Rayihas pure childlike joy magnified Mevluts happiness She seemed genuinely - фото 39Rayiha’s pure, childlike joy magnified Mevlut’s happiness. She seemed genuinely delighted when people pinned banknotes on her, showing none of the feigned amazement Mevlut had seen on other brides. Mohini was trying to amuse the crowd with his gift-by-gift commentary, remarking on the amounts of cash or gold and jewelry being given by various guests (“Fifty American dollars from the youngest of all yogurt-selling grandpas!”), and as at every wedding, the guests were applauding in a spirit halfway between irony and politeness.

While everyone was busy looking elsewhere, Mevlut secretly studied Rayiha. Her hands, her arms, and her ears all seemed beautiful to him, but so did her nose, her mouth, and her face. Rayiha’s only flaw right now was that she looked exhausted, but she still showed a friendly warmth that really suited her. She hadn’t found anyone to look after her plastic bag stuffed full of gifts, envelopes, and packages, so she’d leaned it against her chair. Her delicate little hand was resting on her lap. Mevlut remembered how he’d held it when they were running away together, and the first time he’d had a good look at it, in the train station in Akşehir. The day they’d run away together already felt like the distant past.
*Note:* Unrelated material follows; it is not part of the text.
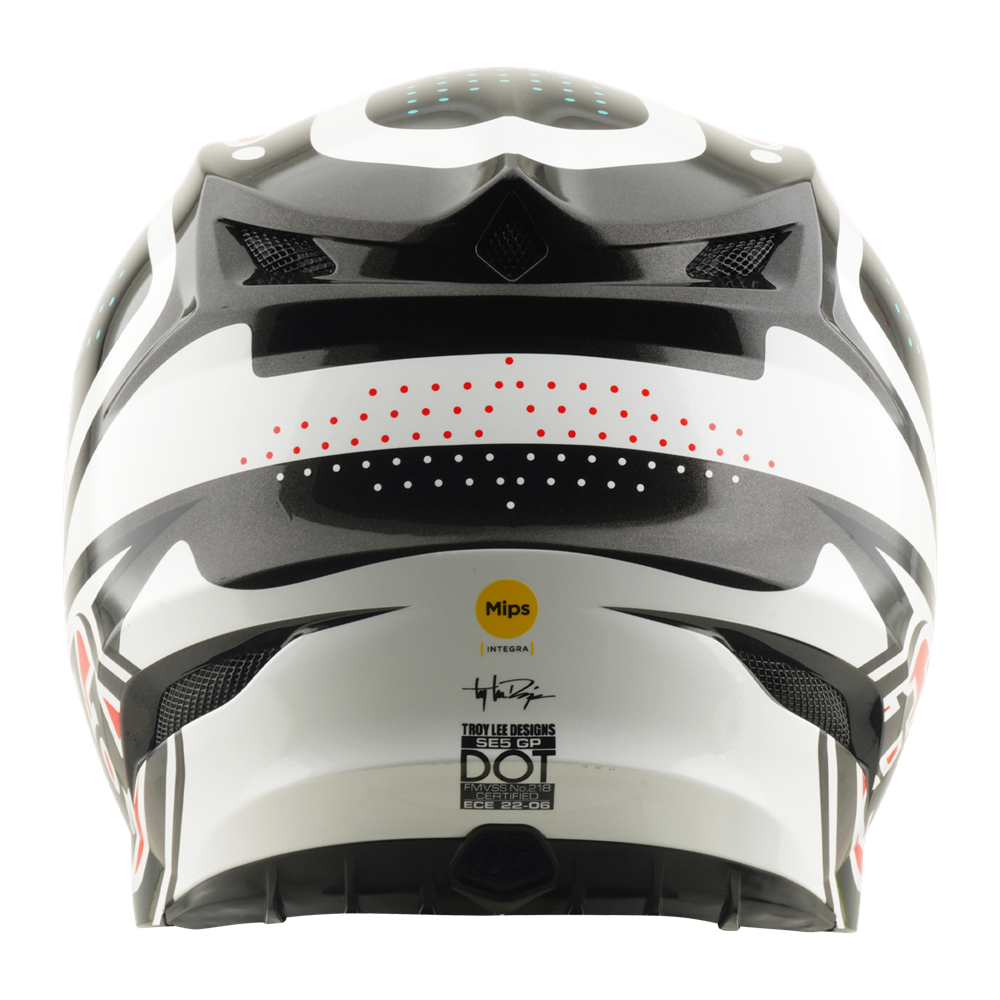 SE5 POLYCARBONATE HELMET THE LINE BLACK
In the last three months, they’d had so much sex, grown so close, and talked and laughed so much that Mevlut was amazed to realize there was no one he knew better than he knew Rayiha, and the men showing off their dance moves to the young women in the hall seemed to him like children who knew nothing about life. Mevlut felt he’d known Rayiha for years and slowly began to believe that his letters had been meant for someone like her — perhaps even for Rayiha herself.

4. Rice with Chickpeas

Food Tastes Better When It’s Got Some Dirt in It

WHEN THEY GOT HOME, Mevlut and Rayiha were not surprised to find that many of the envelopes people had made such a show of giving them were empty. Trusting neither the banks nor the bankers, Mevlut took most of the money they’d received and bought Rayiha some gold bangles. He also bought a secondhand black-and-white television in Dolapdere, so Rayiha wouldn’t get bored while she waited for him at home in the evenings. Sometimes they would hold hands as they watched TV together. Mevlut had started coming home early on Saturday evenings when Little House on the Prairie was on and on Sundays when it was time for Dallas, as there would be no one left out on the streets to buy his ice cream anyway.
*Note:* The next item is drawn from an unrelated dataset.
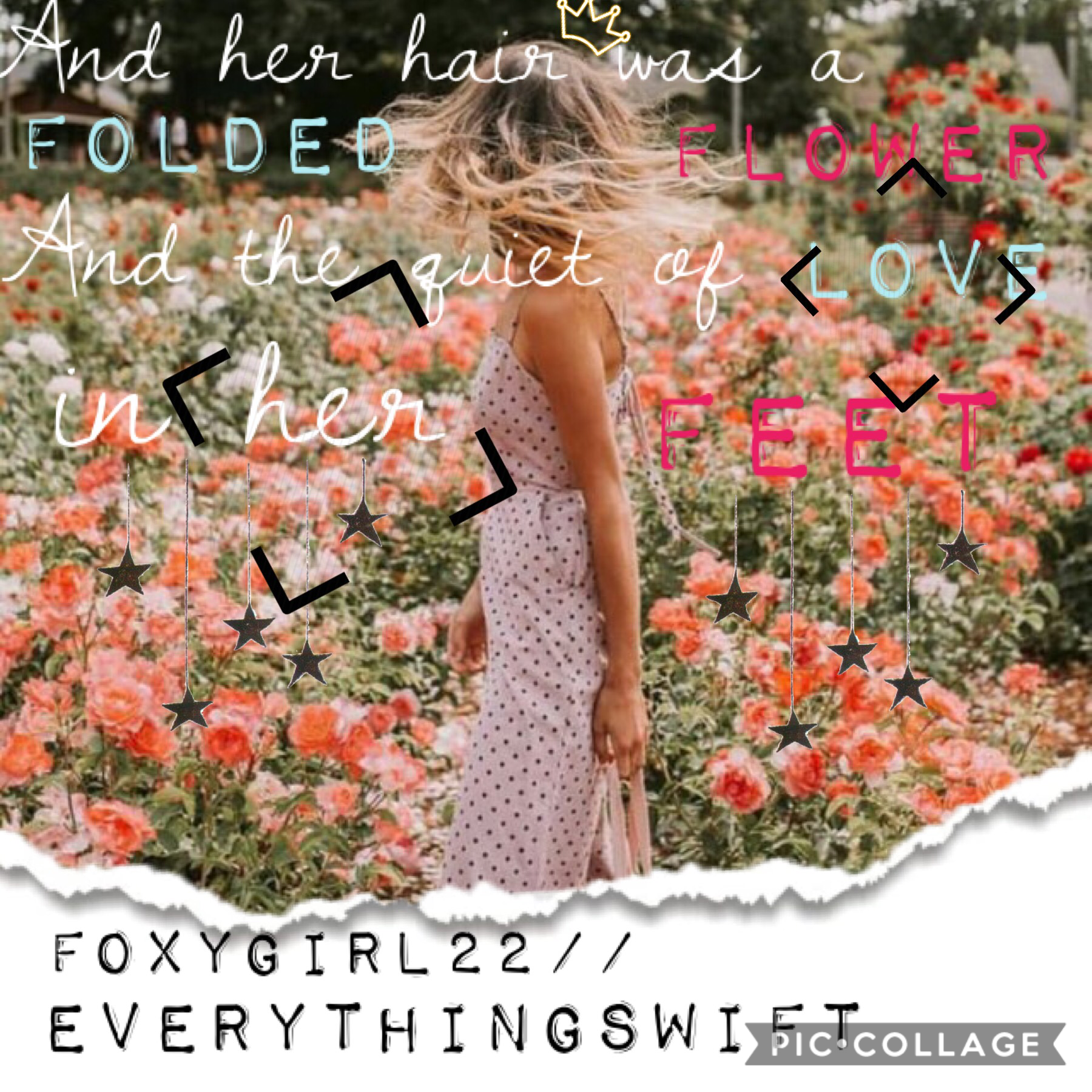Tap collab with......🥁

EverythingSwift go follow her she’s amazing she found the beautiful quote well I put it toggle and found the background this went so well hope u like it Byee love y’all 🤗❤️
When Hızır came back from the village at the start of October and took back his ice-cream cart, Mevlut was unemployed for a while. Ferhat had gone quiet after the wedding. Even if they happened to run into each other in a Tarlabaşı coffeehouse, they no longer had the conversations they had back in the day, when Ferhat used to tell him about a new business opportunity no one else had thought about, which would make the two of them “lots of money.” Mevlut went to the Beyoğlu restaurants where he’d worked in the past and spoke to the headwaiters and restaurant managers who spent their afternoons doing the books, or reading the newspaper and betting on football, but no one could offer him a job with the kind of salary he expected.

There were some new upscale restaurants opening in the city, but those places were looking for people with some form of “hospitality training” who spoke enough English to understand “yes” from “no”—not someone like Mevlut who’d come from the village ready to take any job that came his way and had learned as he went along. In November, he started working in a restaurant somewhere, but after a couple of weeks he’d already given his notice. Some self-important guy wearing a tie had complained that his spicy tomato salad wasn’t spicy enough, and Mevlut had snapped at him before remorsefully casting off his uniform. But it wasn’t a case of some sad and weary soul acting impulsively: these were the happiest days of his life. He was going to be a father soon, and he was planning to use all the wedding jewelry on a chickpea-rice business that would guarantee his son a future.